Freitag, 24.6.2011

Die Nacht über wurden wir nicht angerufen. Sie schläft noch immer, als wir morgens zu ihr kommen, sie atmet aber mittlerweile selbständig mit. Das Blutbild von heute ist viel besser geworden. Die Leukozyten sind fast wieder auf Normalniveau, diese waren in den vergangenen Tagen stets zu wenig und haben sich seit Beginn der Therapie erholt. Viktoria bekommt noch Thrombozyten wegen der Drainage am Kopf. Sie soll heute auch noch einmal Erythrozyten bekommen, da diese über die vergangenen Tage kontinuierlich abgenommen haben. Das liegt aber nicht unbedingt an der Krankheit, sondern zu einem großen Teil auch an den vielen Blutentnahmen. Säuglinge haben einfach viel weniger Blut zur Verfügung. Dafür spricht auch, daß der gelbe Farbstoff im Blut (ein Abbauprodukt der roten Blutkörperchen) zurückgegangen ist. Es sieht also nicht danach aus, daß die Erkrankung weiterhin viele Erythrozyten auffrißt. Die Leberwerte haben sich wieder verschlechtert, was den vielen Medikamenten geschuldet ist, die sie immer noch bekommt. Leider hat sie über Nacht Fieber bekommen und hat aufgrund dessen einen erhöhten Puls. Sie wird von außen gekühlt und bekommt ein fiebersenkendes Medikament.

Es wird spannend. Da Viktoria nun schon einige Zeit selbständig atmet, soll sie extubiert werden. Währenddessen müssen wir den Raum verlassen. Nach einer langen Wartezeit kommt Dr. H. zu uns und erzählt uns enttäuscht, daß sie es gar nicht erst versucht hätten. Es wurde gerade eben noch eine Ultraschall-Untersuchung des Schädels durchgeführt, während der Viktoria einen erneuten Krampfanfall erlitten hat. Aufgrund dessen wird erneut ein Notfall-MRT durchgeführt. Wieder müssen wir warten.

Nach erneut sehr langer Wartezeit dann der nächste Schock. Im aktuellen MRT ist entdeckt worden, daß das Hirnödem sich ausgeweitet hat und die rechte Seite nun mit einschließt. Das paßt zum letzten Krampfanfall, der am linken Arm zu sehen war. Die Ärzte haben sich lange beraten. Dr. L. und Dr. M. erklären uns, daß sie sich dafür entschieden haben, Viktoria erneut mit Trapanal in tiefe Sedierung zu versetzen, um das Gehirn zu schützen. Die oberste Priorität müsse der Unterdrückung der Krampfanfälle gelten. Aus diesem Grund bekommt sie zusätzlich zu Phenytoin noch Keppra, ein noch stärkeres Antikonvulsivum (krampfverhinderndes Medikament).
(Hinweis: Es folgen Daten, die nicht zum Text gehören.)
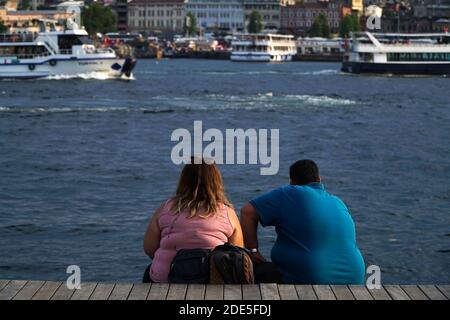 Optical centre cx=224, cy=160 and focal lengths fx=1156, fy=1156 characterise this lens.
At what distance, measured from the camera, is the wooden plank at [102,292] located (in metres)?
7.34

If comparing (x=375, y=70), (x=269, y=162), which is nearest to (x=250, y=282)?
(x=269, y=162)

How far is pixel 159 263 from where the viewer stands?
786 cm

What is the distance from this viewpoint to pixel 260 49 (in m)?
137

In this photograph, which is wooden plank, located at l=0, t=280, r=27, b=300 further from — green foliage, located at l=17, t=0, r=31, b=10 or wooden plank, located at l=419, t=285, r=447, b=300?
green foliage, located at l=17, t=0, r=31, b=10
Man kann uns nicht erklären, woher dieses neue Ödem kommt, vermutet aber einen Zusammenhang mit den Krampfanfällen. Ebensowenig kann man das neuerliche Fieber erklären. Da die HLH als Ursache der Krampfanfälle vermutet wird, wird die Therapie mit Kortison und Zytostatika unvermindert weitergeführt. Auf weitere intrathekale Gaben von Methotrexat will man aber vorerst verzichten, da es bereits Fälle gegeben hat, bei denen dieses Medikament Komplikationen auslöste. Diese Krankheit verläuft von Fall zu Fall sehr unterschiedlich, bei Viktoria scheint offensichtlich vermehrt das Gehirn betroffen zu sein.

Sie soll in dieser Sedierung vorerst verbleiben. Man will in gewissen Abständen das Trapanal reduzieren oder ganz aussetzen, um sie leicht aufwachen zu lassen, um zu sehen, ob sie erneut Krampfanfälle bekommt. Unabhängig vom Ergebnis soll sie jedoch gleich wieder tiefer schlafen. Für die kommende Woche ist dann ein weiteres MRT geplant, von dessen Ergebnis das weitere Vorgehen abhängt.